LA CORTE SUPREMA DI CASSAZIONE

SEZIONE TERZA CIVILE

Composta dagli Ill.mi Sigg.ri Magistrati:

Dott. CHIARINI Maria Margherita – Presidente –

Dott. TRAVAGLINO Giacomo – rel. Consigliere –

Dott. RUBINO Lina – Consigliere –

Dott. BARRECA Giuseppina Luciana – Consigliere –

Dott. VINCENTI Enzo – Consigliere –

ha pronunciato la seguente:

SENTENZA

sul ricorso 22427-2013 proposto da:

G.G.D. (OMISSIS), personalmente e nella sua

qualità di amministratore unico della GALIMBERTI GIOVANNI SRL,

elettivamente domiciliato in ROMA, VIA C. MONTEVERDI 16, presso lo

studio dell’avvocato GIUSEPPE NATOLA, che lo rappresenta e difende

giusta procura speciale a margine del ricorso;

– ricorrente –

contro

BNL BANCA NAZIONALE LAVORO SPA, in persona del dr.
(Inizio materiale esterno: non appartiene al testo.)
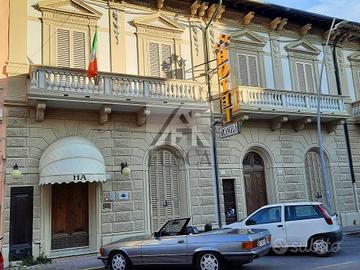 Attività / Licenza di 390 m² con più di 5 locali a
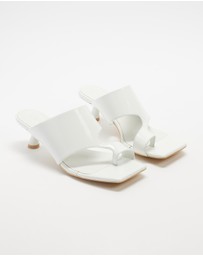 AERE - Asymmetric Heels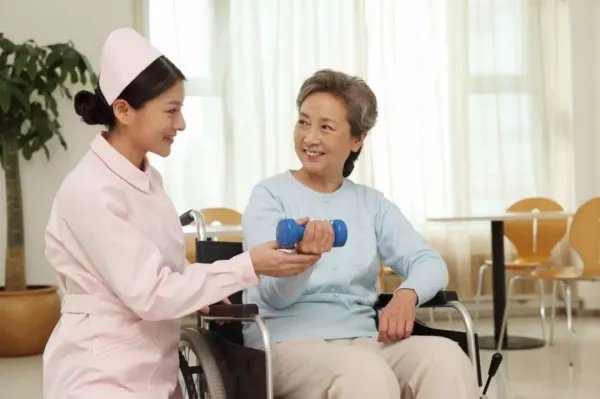 企业职工月人均养老金2900元，你觉得这些钱够养老吗？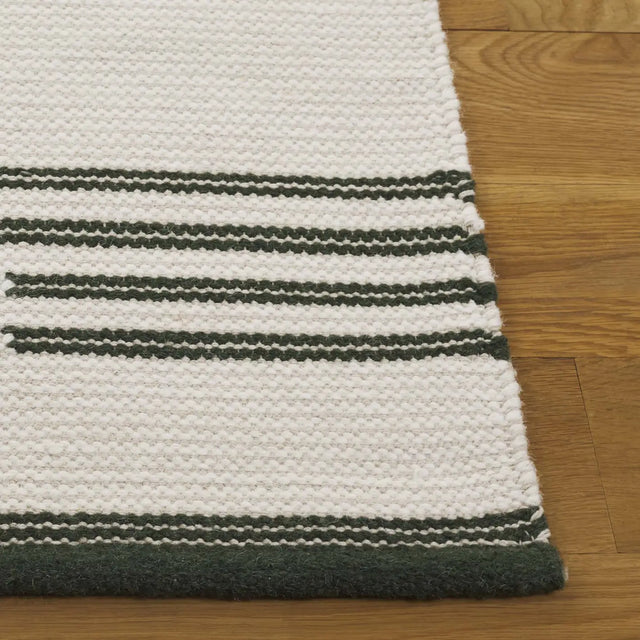 Safavieh Kenya 4'-0" x 6'-0" Rug in Sage / Ivory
A.S.

e dr. M.F., elettivamente domiciliata in ROMA, VIA

FEDERICO CESI 44, presso lo studio dell’avvocato FRANCESCO PILATO,

che la rappresenta e difende giusta procura speciale in calce al

controricorso;

CALLIOPE SRL e per essa in qualità di mandataria la CERVED CREDIT

MANAGEMENT SRL, in persona del suo Consigliere Avv. V.M.

elettivamente domiciliata in ROMA, VIA DELLA BUFALOTTA 174, presso

lo studio dell’avvocato PATRIZIA BARLETTELLI, che la rappresenta e

difende unitamente all’avvocato CINZIA MARIA BERNINI ASTI giusta

procura speciale notarile;

ELIPSO FINANCE SRL in persona del legale rappresentante pro tempore,

acquirente in forza di atto di cessione di crediti pro – soluto dei

crediti della BANCA ANTONIANA POPOLARE VENETA SPA e, per essa quale

mandataria la PRELIOS CREDIT SERVICING SPA (già PIRELLI RE CREDIT

SERVICING SPA), già CREDIT SERVICING SPA, a sua volta rappresentata

da FBS SPA in persona dei suoi procuratori speciali Avv.
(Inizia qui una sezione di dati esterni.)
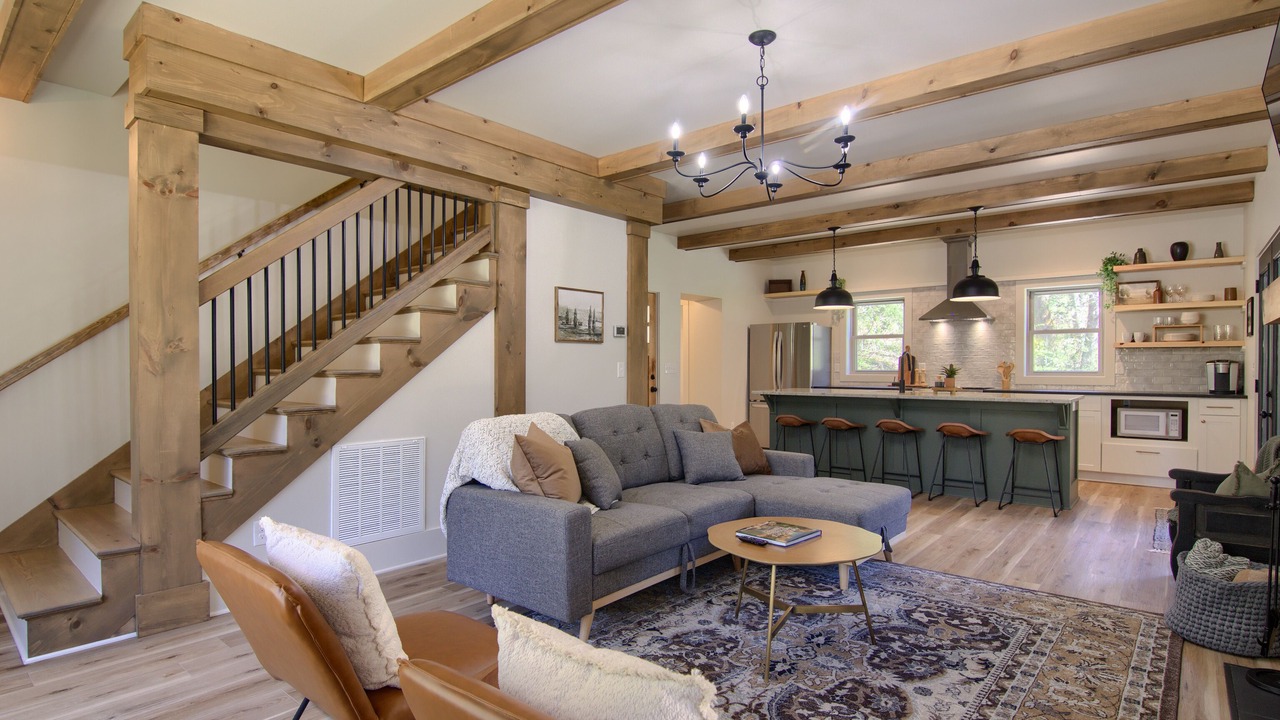 Photo of Livingroom in Mills River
C.G.M. e Dott.ssa B.D., elettivamente domiciliata in

ROMA, PZZA SANTIAGO DEL CILE 8, presso lo studio dell’avvocato MARCO

BATTAGLIA, che la rappresenta e difende giusta procura speciale a

margine del controricorso;

FALLIMENTO EDG SRL IN LIQUIDAZIONE, in persona del Curatore dott.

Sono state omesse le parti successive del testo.